As I climbed out from Martin State into what was now a partly cloudy sky, ATC vectors soon brought me west of Baltimore/Washington International and a clearance to the cruising altitude of 10,000 feet. Farther west the cloud cover gathered until it was solid IFR. Then a problem: light ice buildup on the windshield and on the wing struts. Being inexperienced with ice, I decided it was really of no concern and happily cruised along concentrating on flying the Victor airways and holding altitude. What a great job I was doing, especially on holding altitude—it didn’t vary by 20 feet. In fact, it didn’t vary at all.
Immersed in self-congratulations, I hadn’t noticed the thick ice buildup on the windshield and struts. Immersed in self-congratulations on my excellent flying skills, I hadn’t noticed the thick ice buildup on the windshield and struts. Reality hit when airspeed began to decay and the engine began to vibrate. The ice-coated propeller was visible through a small clear spot above the defroster vent on the windshield; cycling the prop didn’t help. The engine vibration became so violent I was forced to throttle back for fear of shaking the engine loose from the airframe; this lessened the vibration but increased the angle of attack. As airspeed decayed, thoughts of stalling a heavily laden, now slow and underpowered airplane in IMC suddenly sprang to mind. I made many radio calls to ATC but to no avail. I was alone in a very bad situation over the Appalachian Mountains.
As the airplane slowed and the controls got mushier, it became clear that the altimeter might be lying; it hadn’t budged from 10,000 feet. The airspeed indicator was stock still at the bottom of the green arc. Since the pitot heat worked at preflight, the static ports must be iced, but there was no alternate static source installed.
Fortunately, in my haste to depart, I had not stowed the throttle lock but had simply laid it on the co-pilot’s seat. I carefully smashed the glass cover on the vertical speed indicator. Immediately the altimeter began to unwind fast—very fast, like the old cartoons of crashing airplanes. It stopped spinning at 3,800 feet.
A few more desperate calls to ATC went unanswered. Climbing was impossible; just holding altitude at that low power setting was a challenge. It was then that I heard a voice, not over the radio but rather inside my head. The voice clearly said, You’re going to die, go ahead and panic.
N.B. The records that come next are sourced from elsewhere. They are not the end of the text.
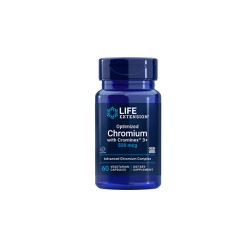 Life Extension Optimized Chromium With Crominex 3+ Dietary Supplement For Appetite Suppression 60 Veggie Capsules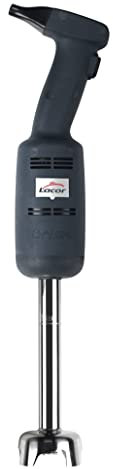 LACOR 69722 Batidora de Mano Brisk, Trituradora Profesional, Brazos Intercambiables, Mango Ergonómico, 220W, Negro, 16 cm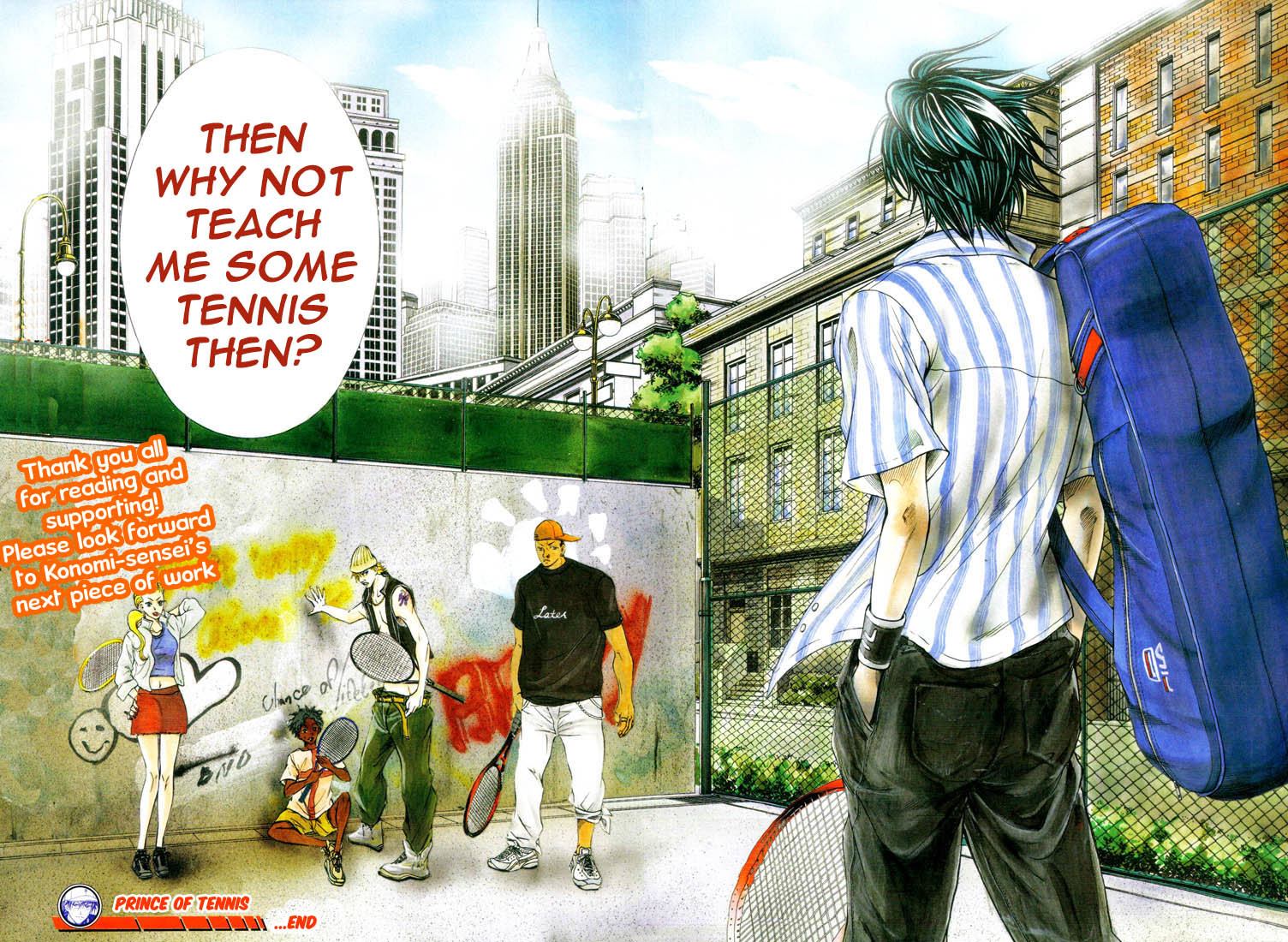 Prince of Tennis Chapter 379 page 18 - Chapter 379: Dear Prince ~To the Princes of Tennis~ [END]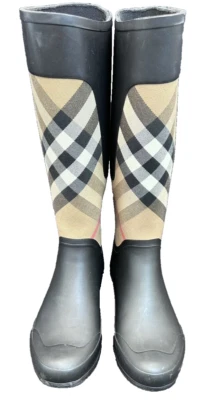 Botas de lluvia originales Burberry Clemence a cuadros talla 37 Foto 1 de 4
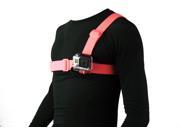 NEOpine Adjustable Elastic Single Shoulder Chest Belt Strap Mount for Gopro Camera Series Red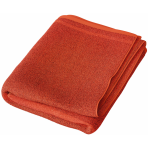 Ręcznik łazienkowy „Orange Economic Towel“. Ręczniki, 60x35 cm, 100x45 cm. Pomarańczowy ręcznik z subtelną ornamentową lamówką na dole.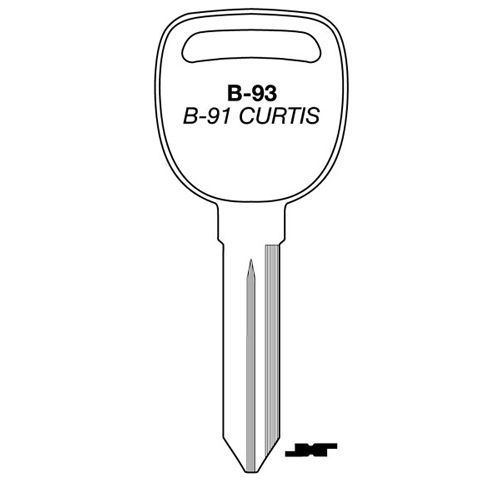 Key blank,ford 85-96 ign 10/bg for sale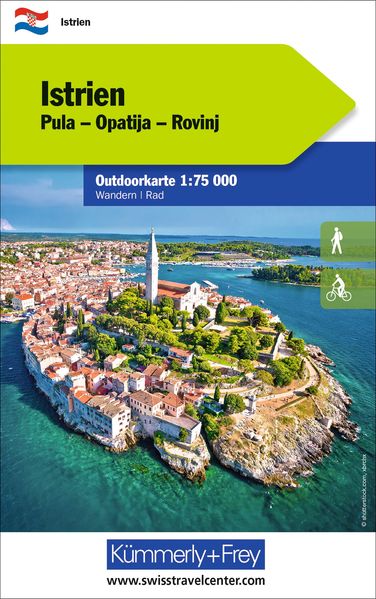 Kümmerly+Frey Outdoorkarte Istrien 1:75.000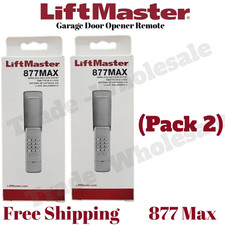 2 Pack LiftMaster 877MAX Garage Door Opener Keypad Remote Keyless Entry Wireless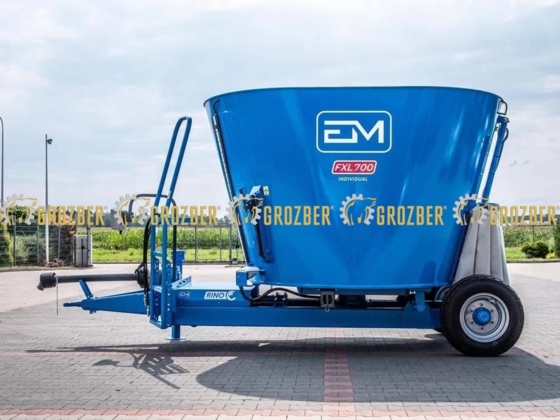 Фото 1 - FXL 700 Кормозмішувач з вертикальним шнеком RINO EUROMILK арт. FXL700
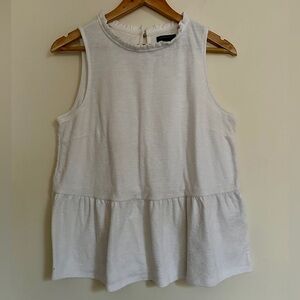 Banana Republic Sleeveless Peplum Blouse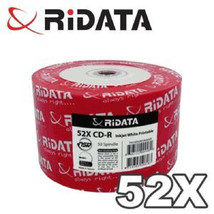 RiDATA 52X CD-R White Inkjet Printable Blank Media - 50 Spindle - £21.25 GBP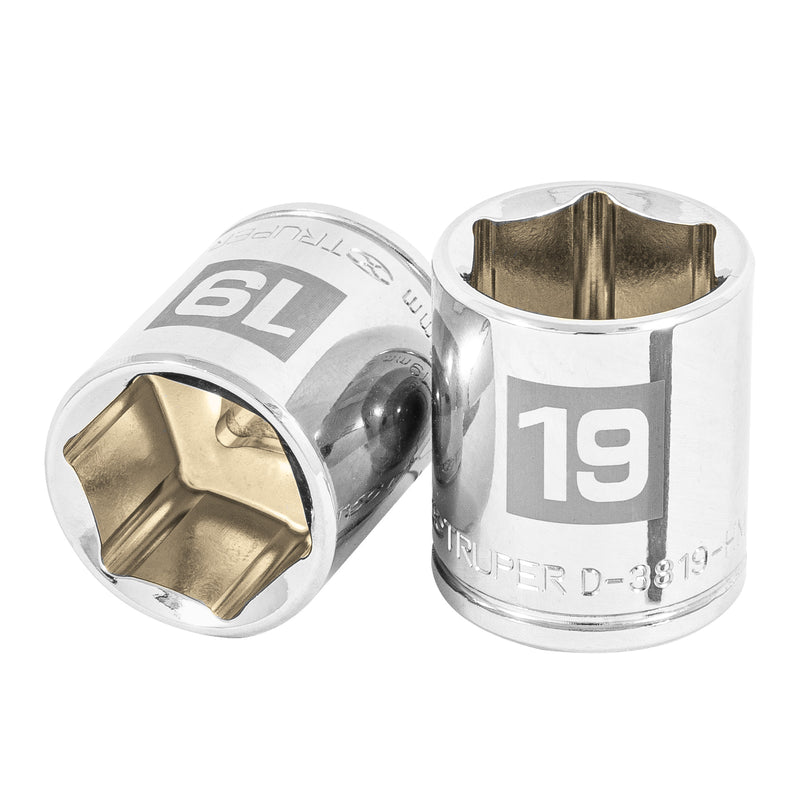 Dado de 6 puntas, cuadro 3/8", de 19mm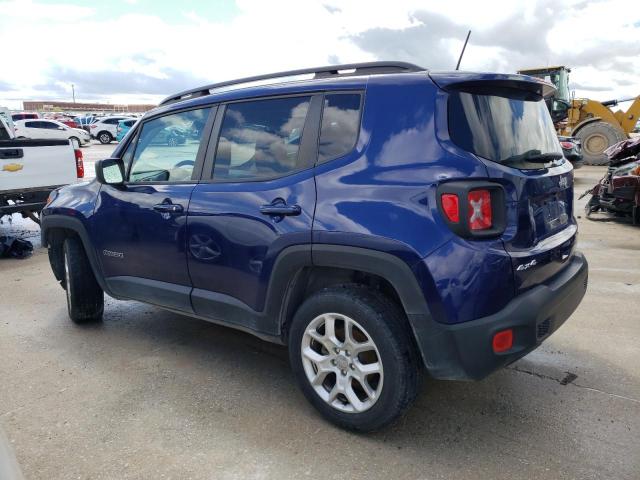 ZACCJBAB8JPJ28307 - 2018 JEEP RENEGADE SPORT BLUE photo 2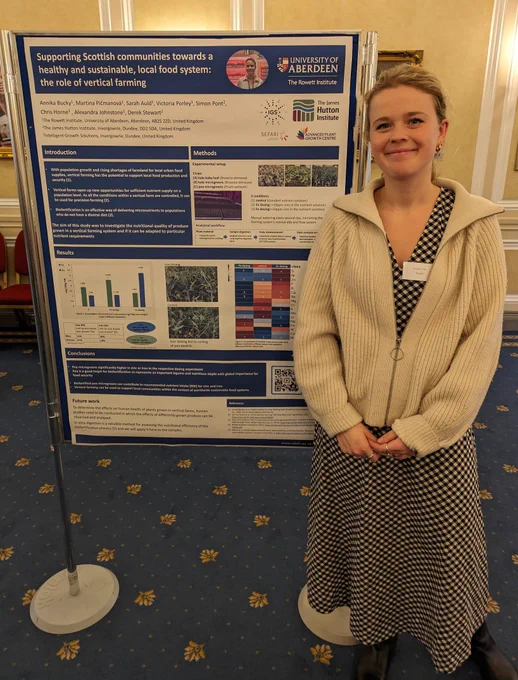 Annika with her poster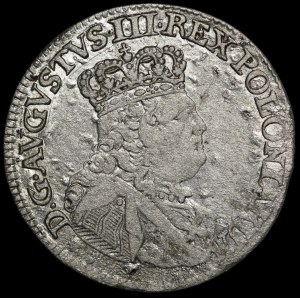 August III of Saxony, Trojak, 1754 CE, Leipzig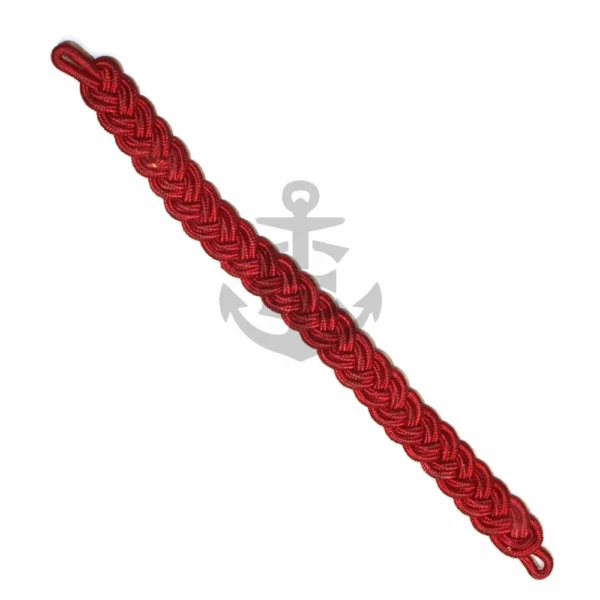 Military Officer Cap Cord Red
I angrily shouted “No!” and a moment later I heard a second voice: Fly the airplane, you’ll be all right. Staying on the gauges and increasing power slightly produced a bone-rattling vibration and a slow climb, about 100 feet per minute.
After what seemed an eternity of teetering at the edge of a stall while slowly climbing, I broke out between layers at 6,000 feet over Parkersburg, West Virginia. Sublimation soon began, and as the ice cleared the prop vibration ebbed enough to begin easing in the throttle, eventually to high cruise. The airspeed increased, the windshield and struts cleared up, and soon I was sailing along between layers at 165 knots.
I had neglected to reset the transponder to 7600, indicating radio failure, but after the longest hour of my life and without radio contact ATC had not missed me; at least, no one seemed surprised when I checked in 100 miles west of my last contact and at 6,000 feet instead of 10,000.
The weather at home was partly cloudy with unlimited visibility and high ceilings, the visual approach was selected and when the wheels squeaked onto Runway 36 at Cincinnati West Airport, I heaved a sigh of relief and offered a prayer of thanksgiving. Before the next flight the VSI glass was replaced and an alternate static source installed. As for the two voices I heard in my head, I prefer to think it was my guardian angel who told me to fly the airplane and everything would be OK. The other voice, I suspect, came from a realm other than heaven.
Joe Brinck is an instrument-rated private pilot based in Cincinnati, Ohio.